The door to the house was cracked open. “Mother? Father? Elfriede?”
I pushed on the door and heard the creak of the hinges echo against the silence inside. There was no light, and the fire was dead, but thanks to the moonlight that crept inside, I could just make out a figure in the chair at the table that faced the doorway.
“Mother?” I whispered.
Bit by bit, the lantern light revealed the figure. The eyes, dark with just a hint of the flames that ought to have burned brightly. The scowl on the lips of his strained face. And in one hand, on the table, the same blue dress I’d seen Mother wearing before I’d visited the lord. It felt like days ago, but I knew it to be just a few hours earlier.
“I hope you’re happy, Noll,” said Father. His voice cracked and strained with each syllable. “You wouldn’t help her. And now she’s gone.”
Elfriede shrieked from where she sat atop the bed she and I shared; she buried her head into the shoulder of the man, her man, who comforted her.
I stumbled, the breath completely sucked out of me. There was no one there to catch me.
***
Six months went by in a blur of numbness and woodcarving.
Every day the memory of the world in my drowning dream faded. Every day the memory of the lord doing nothing, caring only about his Returning, grew stronger. I told Father I’d tried to get the lord to help us. He didn’t care. I didn’t act soon enough. I wasn’t there when she died and faded into nothingness—neither were Elfriede or Jurij, apparently, but they didn’t merit Father’s blame. So I didn’t bother telling them about my dream. Why would they believe me? Why would they care? I hardly believed it myself.
The first thing I carved after Mother’s death was my own interpretation of a heartless monster. It was a beast like the beasts of legend, a wolf, a bear, and a snake, all in one. I left an open cavity over the left side of its chest to show that there was no heart within it. Father didn’t notice it. Elfriede gave me an uneasy smile and told me it may do some good scaring off rabbits from the garden. And that’s where she put it, half-buried in leaves and dirt.

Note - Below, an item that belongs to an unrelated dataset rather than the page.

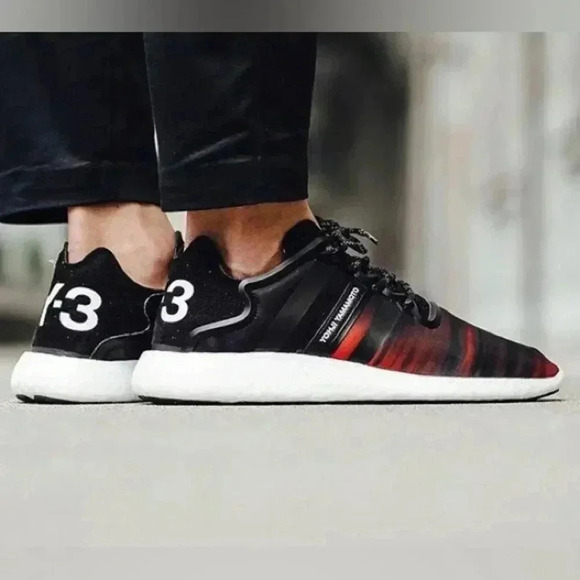 Y-3 Adidas Boost Yohji Yamamoto Run Northern Lights Trainer Sneaker - Picture 1 of 11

The day before my seventeenth birthday there wasn’t enough scrap wood in the land for my trembling fingers. I finished the last few dozen projects I’d started—wooden animals, trees, and flowers—by adding a few more details than necessary. I ruined more than one, but my fingers wouldn’t stop peeling away at the layers of wood. I started new projects I knew I would never finish, but it was just as well because the most I could think of carving was a blob of mud or a wooden rock.
My effort wasn’t lost on Elfriede. Although, despite my better hopes, I thought she may have been more upset about the piles of sawdust all over her kitchen table than the reason for the mess. “Clean that off, will you? Father will be home soon.”
“Here, let me help.” Jurij released his hand from around Elfriede’s shoulder and the one being became two. I didn’t say anything as I set the carved pieces on the mantle, next to a wooden lily. Far better work than mine.
As Jurij wiped the dust into a rag, I numbly placed bowls and spoons for four people at our table. A brief jolt of pain brought me to life as I placed Jurij’s setting down next to Elfriede’s, and I thought of who had once sat there. “Ah. Good day, Jurij,” came a slow, slurring voice, a croaking echo of what it had been. I glanced up to see Father in the doorway. He stumbled his way to his chair, a shade of the father I had known.
Father had the same features, but they were muted somehow. His strong, dark chin poked through a rough, unkempt black-and-gray beard. His curls drooped and stuck out in all directions, although somehow the pointed tips of his ears made a slight appearance through the wild tangle of knots. His eyes sparkled, but in a different way than they once had. The flame within them burned as lightly as a candle in its final few moments before the wick withered away.
Perhaps that described my father. He had lost his sunlight and was left only with the dimmer echoes in the children she left behind. What room was there for happiness with the sun’s light gone forever? The moon alone could never be enough, not after years of dancing in the sun’s delight. It was just a matter of time. Nissa’s father had died the same evening as his wife. They rarely lasted beyond a year.
“Good day, Gideon,” said Jurij. He tore himself from Elfriede long enough to put his hand on Father’s shoulder. “How’re Vena and Elweard?”
“Huh?” asked Father absently. Often these days you had to ask a question more than once.
“The tavern masters,” I reminded him. Father practically kept them in business since Mother’s death.
“Oh, fine, fine.” Father’s eyes glossed over.
“Father?” I asked, covering his trembling hand with mine. He looked at me, the smallest of smiles edging onto his lips. The light flickered in his eyes. It was still there. Of course it was. But only just.
Jurij picked up Father’s and my bowls and brought them over to the fire. Jurij and Elfriede worked in perfect harmony, one ladling the stew and the other holding the bowls out to receive it.